High Life: Raleigh Skyline Grows With Taller Buildings
Posted April 23, 2007 5:38 p.m. EDT
Updated April 23, 2007 6:21 p.m. EDT
Raleigh, N.C. — Giant construction cranes are becoming a routine site in downtown Raleigh, where developers are thinking big -- or tall -- to accommodate interest in both residential and commercial space.
Five years ago, only 5 percent of Raleigh's development occurred downtown, according to city estimates. Downtown building is now closer to a quarter of the city's overall growth, Planning Director Mitch Silver said.
"It's probably the biggest downtown boom we've ever seen," Silver said. "We changed some of the rules. It's now easier to build taller in downtown, and it seems Raleigh has gotten over its concern about height."
The revitalization of Fayetteville Street, the new downtown convention center set to open next year and growth in nearby entertainment districts like Glenwood South are credited for increasing interest in downtown living.
About 13,000 people move to Raleigh every year, and developer John Bruckel said it makes more economic sense to build up rather than out.

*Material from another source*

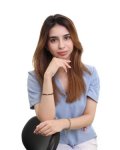 Дзодзуашвили Кристина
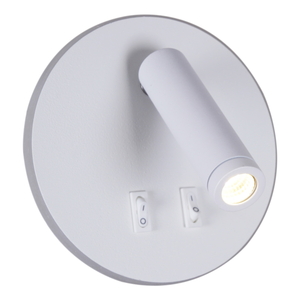 86203-9.2-001KT LED12W WT светильник настенный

"You have to go up. The land is becoming more expensive. You can get more units per acre the higher you go. It's a natural economic phenomenon," said Bruckel, whose Bloomsbury Estates condominium project is one of nearly a dozen residential high-rises under development.
"It's going to be a drastically different skyline a few years from now," he said.
Seven tall cranes working downtown are making that happen.
"We're seeing a nice mix of new uses coming to downtown. Because of the scarcity of land, vertical is an option," Silver said.